The reports on this page provide guidance on ethnic, religious and linguistic minorities’ rights and protections typically found in constitutions.
Selected Materials
This Constitutional Design Primer from International IDEA addresses the role of language in constitutional design, and the key considerations that arise in multilingual states.
This Constitutional Brief from International IDEA surveys comparative constitutional practice relating to the minorities within minorities challenge – that is, the protection of minorities within constituent units in multi-level governance systems.
This report examines the implications of territorially concentrated divided communities (minorities or otherwise) on constitution making through three inquiries:  (1) what factors will inform the mobilization of territorially-based interests (2) how might these interests impact the design of the constitution making process and (3) how might they impact the content of the constitution itself.  The report is extremely useful in analyzing the politics and dynamics of constitutional negotiation in territorially-based divided societies.
This paper discusses the nature of different minorities that may be politically important, and then considers different approaches to dealing with the constitutional recognition of minorities, the protection of their basic human rights and the entrenchment of specific minority rights, as well as the participation of minorities in government.
This paper discusses the role of constitutions and opportunities provided by constitution-drafting in democratic consolidation with respect to the protection of religious minorities. The author takes the position that the constitution-drafting process is a rare opportunity for a detailed discussion between the state and its people, which can give rise to important give-and-takes that could result in both short-term conflict resolution and long-term stability of state institutions. The paper also briefly examines international standards related to religious minorities, including the Universal Declaration of Human Rights, the International Covenant on Civil and Political Rights, and the Declaration on the Elimination of All Forms of Intolerance and Discrimination. The paper ends by presenting the case of Indonesia as an example of how religious minorities can be accommodated.

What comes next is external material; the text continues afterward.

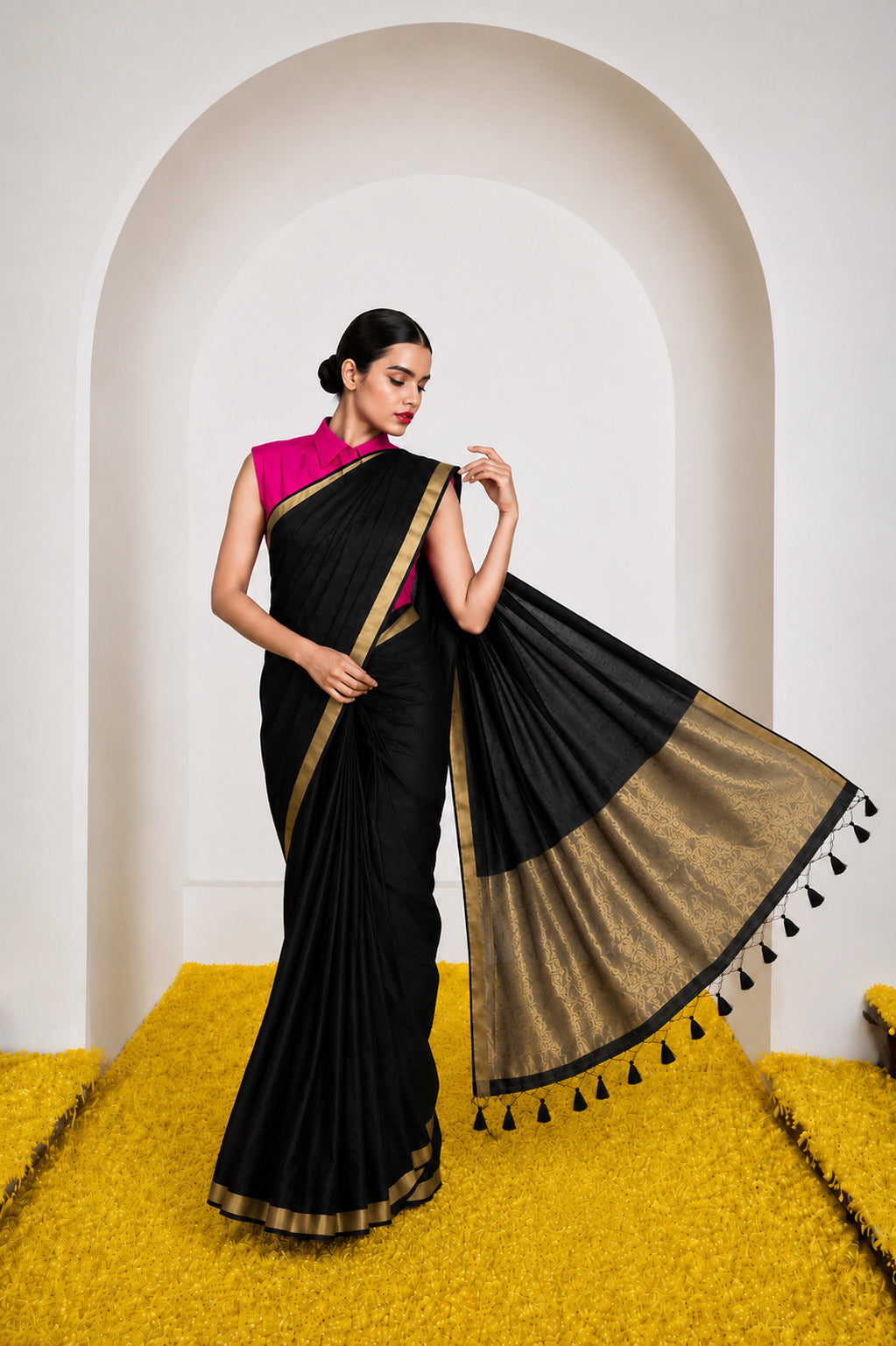 Women's Cotton Silk Saree with Rich Zari Woven Pallu, Elegant Golden Border & Tassels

This paper is aimed at assisting persons engaged in nation-building, particularly in post-conflict states. Specifically it is meant to provide insight and examples into the ways and means of recognizing and accommodating multiple national groups living in a specific country. The paper highlights the ways in which ethnic diversity may present itself and the possibility of various groups not being geographically concentrated. The paper then canvasses the variety of means a country can use to address diversity, including: minority language and cultural rights, assimilation, exclusion and integration, and devolution. The last part of the paper looks at federalism in detail and how it accommodates diversity. Specifically, the paper highlights the characteristics of federal constitutions, basic features and division of roles and responsibilities between orders of government, areas of cooperation between orders of government, representation of constituent units at the federal level, the guarantee of rights for minorities, the utility of asymmetrical federalism, the possibility of secessionism, and the use of a neutral referee (i.e. the courts) to resolve any disagreement. The paper ends with a series of questions to be asked when considering how to craft institutions to accommodate ethnic diversity.